Elder Uchtdorf said, “Isn’t it remarkable to know that our eternal Heavenly Father knows you, hears you, watches over you, and loves you with an infinite love? In fact, His love for you is so great that He has granted you this earthly life as a precious gift of “once upon a time,” complete with your own true story of adventure, trial, and opportunities for greatness, nobility, courage, and love. And, most glorious of all, He offers you a gift beyond price and comprehension. Heavenly Father offers to you the greatest gift of all—eternal life—and the opportunity and infinite blessing of your own “happily ever after.”

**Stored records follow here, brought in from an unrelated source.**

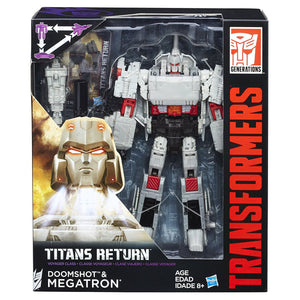 Transformers Generations Voyagers Titans Return : Megatron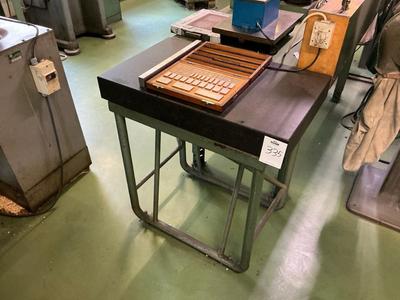 Översiktsbild av Bord med granityta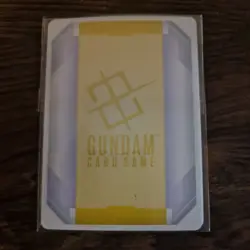 Gundam Card Game ENGLISH Promo EX Base EXBP-002 and EX Resource EXRP-002 SEALED - Image 2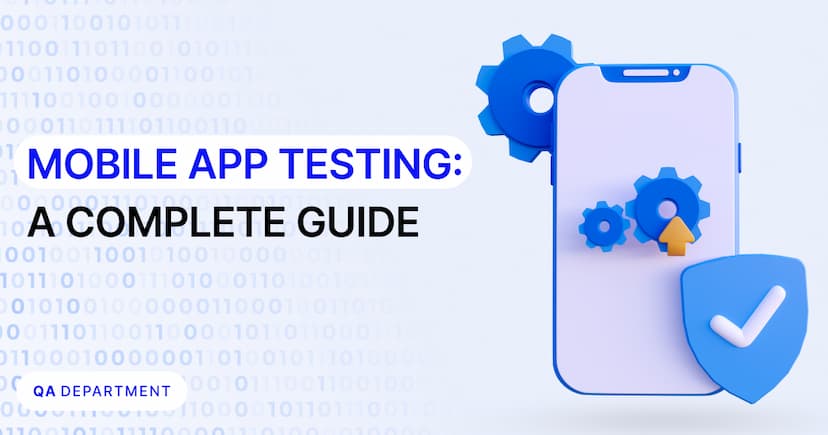 Poster for article - Mobile app testing: Ensuring quality and user satisfaction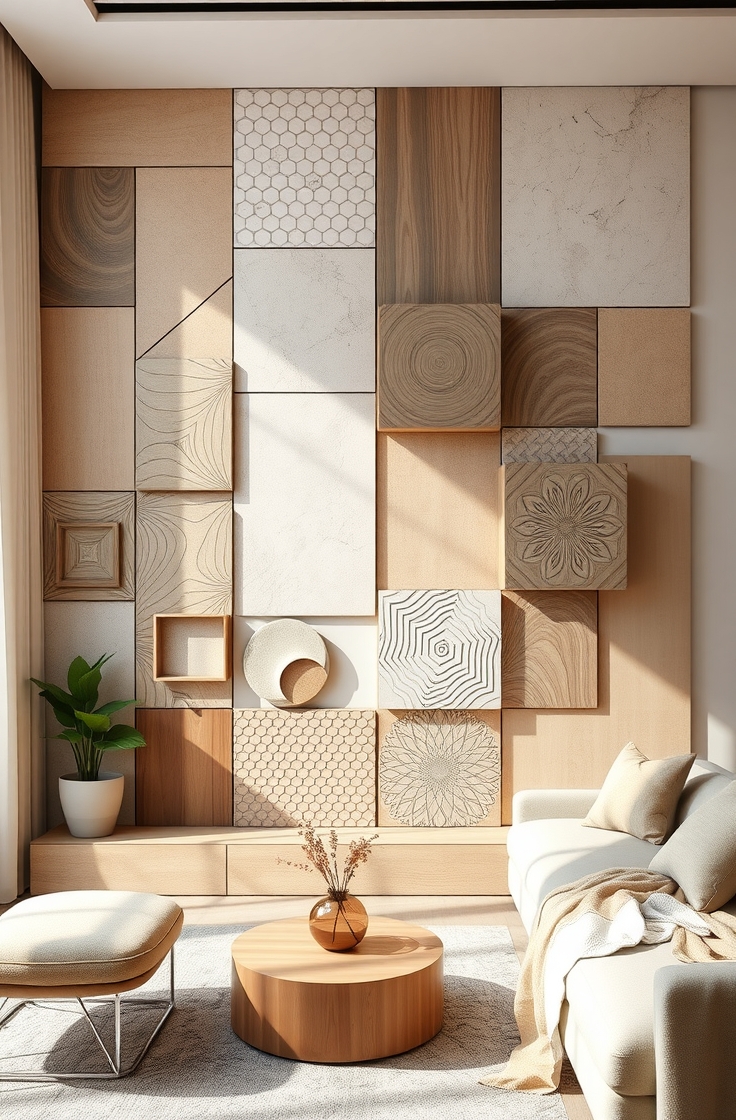 Wall Panels That Add Texture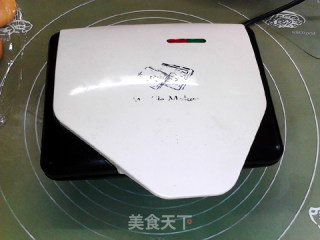 双重红薯华夫饼的做法步骤：13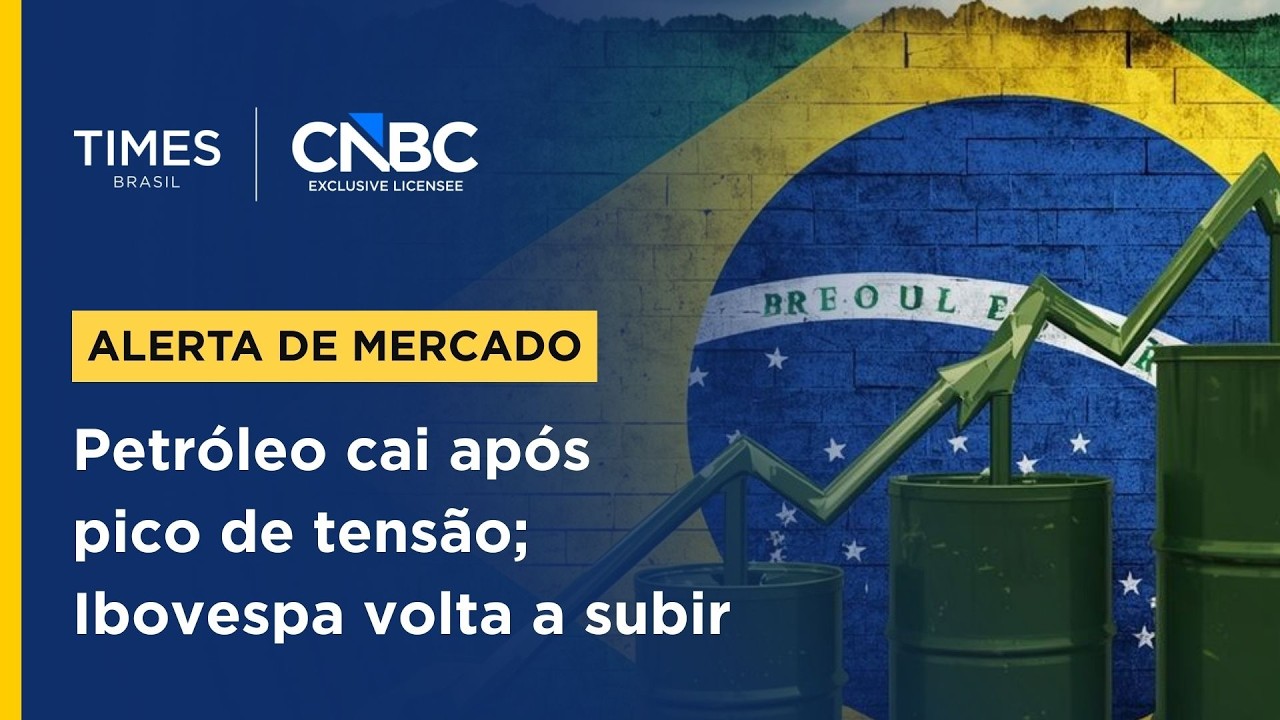 Ibovespa fecha em alta com Petrobras liderando ganhos e volatilidade no petróleo | ALERTA DE MERCADO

These last five years have been filled sadness and frustration but are overpowered by laughter, adventures, courage, learning, accomplishments, and gratitude. I’m grateful for every minute of it and I’m grateful for those I am able to share it with. Do I wish I could walk again? Yes. But would I change all of the things I’ve endured and learned? No. These lessons are invaluable and have made me who I am today. No one chooses to go through difficult times, but these experiences are part of life and we come out of these challenges more refined and learned. We become closer to our Heavenly Father and learn of his great love for us and come to trust that He will get us through. There is a plan and purpose for us. Stay positive. Be grateful. Serve others. Help one another. We will all come out on top. Keep being the best you and doing what you know is right. Find the joys in your journey. February 5th will be a bittersweet remembrance of the day I lost the usage of my legs, but it's also the day when my life’s greatest joys ensued.